Last week, Kalida Village Council rejected a zoning variance for the turbines. The council voted Monday to put the issue before voters on the November ballot.
The referendum question “would exempt wind turbines from the 45-foot height restriction that currently exists in industrial zoned properties,” Mayor Alan Gerdeman said. “We want to answer the question whether or not we would allow turbines to be considered in industrial zoned properties within the village. Council decided to let the residents decide.”
With a payroll of about 370 workers, Kalida Manufacturing is the village’s largest employer. It sits along state Route 224 east of the village proper, on land annexed to the village when KMI was founded in 1996.
The 55 acres where KMI proposes to build is in Union Township. KMI wants the field annexed to the village as well, but annexation would subject the property to the zoning height restriction.
KMI wants to buy the land and install two company-owned, 1.5 megawatt wind turbine generators that would provide about two-thirds of the company’s electricity needs, plant manager Rick Esch said in a previous report. The turbines must be completed and operational by the end of 2012 in order to qualify for substantial tax credits.
Esch attended a Union Township meeting March 27 to seek the trustees’ approval on a preannexation agreement between the village and township.
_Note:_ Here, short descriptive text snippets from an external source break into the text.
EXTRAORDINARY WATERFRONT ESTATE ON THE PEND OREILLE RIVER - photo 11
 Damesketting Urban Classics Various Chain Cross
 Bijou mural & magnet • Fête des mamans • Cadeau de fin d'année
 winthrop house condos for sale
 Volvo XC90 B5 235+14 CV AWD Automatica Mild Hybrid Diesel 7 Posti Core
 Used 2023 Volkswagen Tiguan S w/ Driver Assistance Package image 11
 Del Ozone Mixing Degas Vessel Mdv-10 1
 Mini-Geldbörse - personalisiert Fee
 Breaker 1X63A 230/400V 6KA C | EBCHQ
The village has already signed the preannexation agreement and approved the first reading on a zoning ordinance that would allow the wind turbines within the village and would guarantee tax revenue to the township for the next 40 years.
At the same trustees’ meeting, more than 60 area residents expressed strong vocal opposition to KMI’s proposal. Their objections included the size of the project, its proximity to their homes, its alteration of the village skyline, and the noise the turbines would make while in operation.
The Village Council considered requesting a special election earlier to accommodate KMI, but Esch said the project would have to break ground in May in order to be completed by December. The earliest possible election would have been in August and would have cost an estimated $15,000 to $20,000, Gerdeman said, so the idea of an early vote was rejected.